Data shown:
----------------------------------------

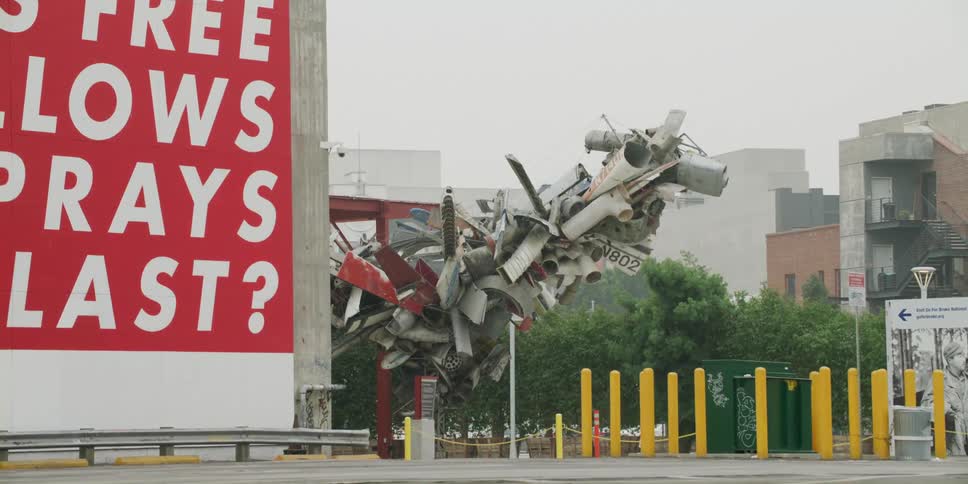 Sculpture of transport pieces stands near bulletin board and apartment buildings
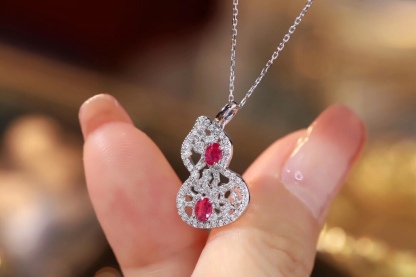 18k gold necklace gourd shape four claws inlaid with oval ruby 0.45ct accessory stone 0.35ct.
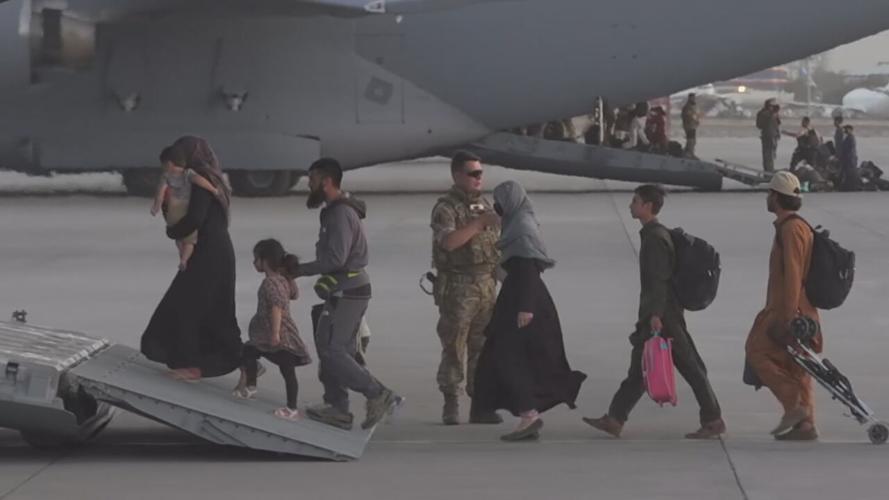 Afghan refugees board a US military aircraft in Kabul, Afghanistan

----------------------------------------

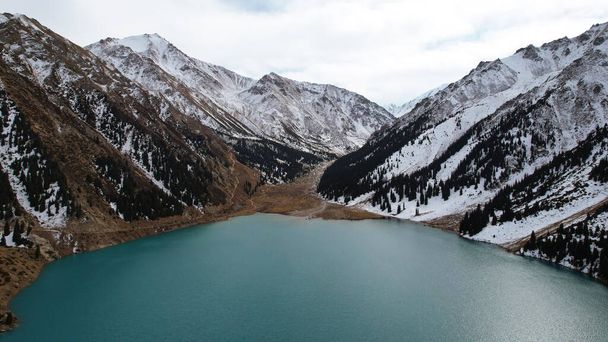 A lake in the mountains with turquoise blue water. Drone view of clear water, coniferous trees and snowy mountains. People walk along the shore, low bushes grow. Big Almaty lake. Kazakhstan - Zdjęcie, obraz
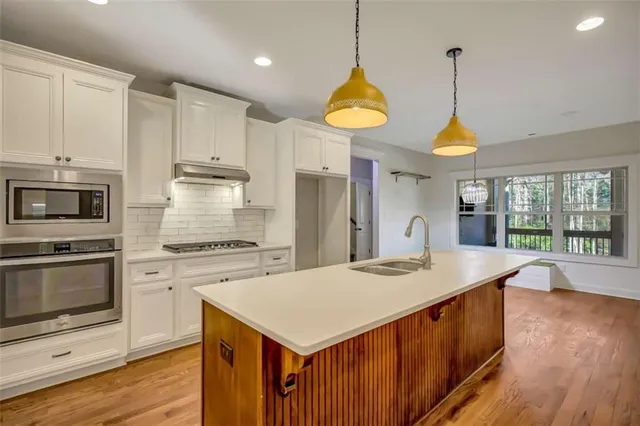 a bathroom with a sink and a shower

----------------------------------------

Task goal: Only the lines starting at the one with "Sculpture of transport" and ending at the one with "Afghan refugees board" should be printed, each exactly as it appears in the material above; the pictures are to be omitted.

Solution:
 Sculpture of transport pieces stands near bulletin board and apartment buildings
 18k gold necklace gourd shape four claws inlaid with oval ruby 0.45ct accessory stone 0.35ct.
 Afghan refugees board a US military aircraft in Kabul, Afghanistan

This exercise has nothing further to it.